Exercise brief
Please set down, unchanged, each line from the one with "Meet your Posher, Lawrence" to the final line of the data below, both included. Drop the pictures.

Records contained in a dataset
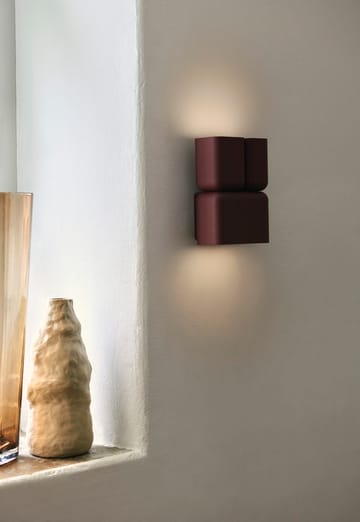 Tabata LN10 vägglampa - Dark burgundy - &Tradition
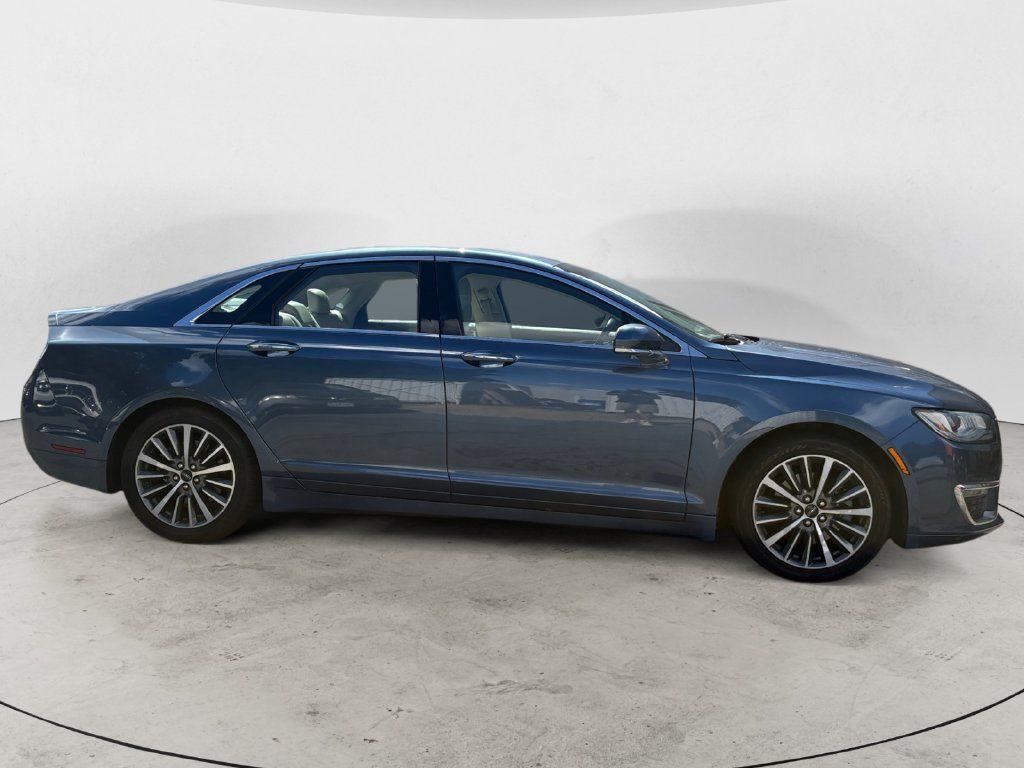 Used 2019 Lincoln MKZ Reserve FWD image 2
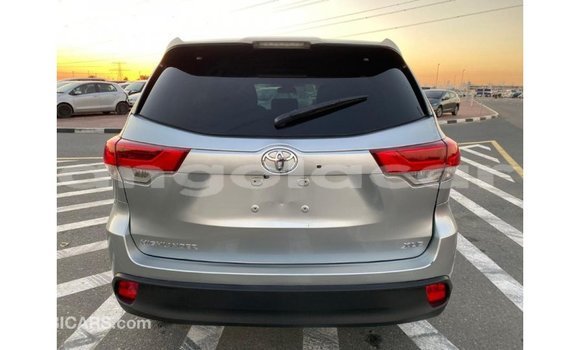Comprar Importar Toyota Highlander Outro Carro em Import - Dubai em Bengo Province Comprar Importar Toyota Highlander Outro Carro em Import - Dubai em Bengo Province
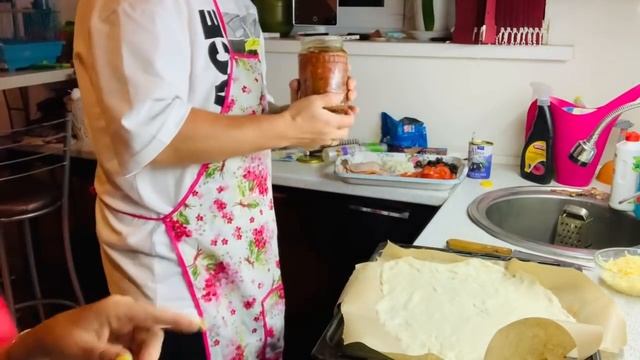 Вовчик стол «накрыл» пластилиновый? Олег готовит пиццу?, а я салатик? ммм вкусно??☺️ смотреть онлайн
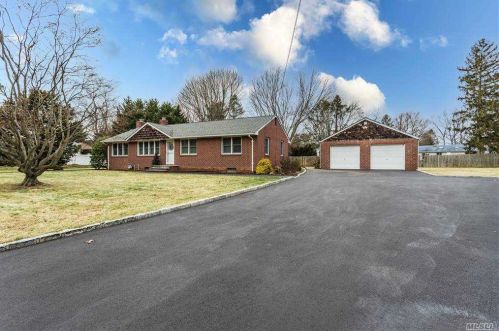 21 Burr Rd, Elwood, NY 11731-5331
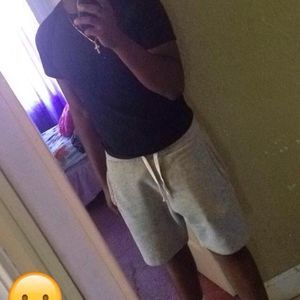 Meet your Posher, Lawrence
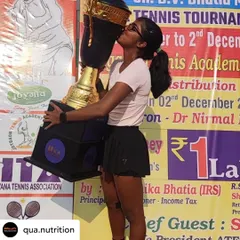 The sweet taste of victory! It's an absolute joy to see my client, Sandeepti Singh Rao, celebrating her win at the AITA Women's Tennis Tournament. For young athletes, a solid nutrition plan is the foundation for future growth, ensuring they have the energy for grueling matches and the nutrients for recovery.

Response below
 Meet your Posher, Lawrence
 The sweet taste of victory! It's an absolute joy to see my client, Sandeepti Singh Rao, celebrating her win at the AITA Women's Tennis Tournament. For young athletes, a solid nutrition plan is the foundation for future growth, ensuring they have the energy for grueling matches and the nutrients for recovery.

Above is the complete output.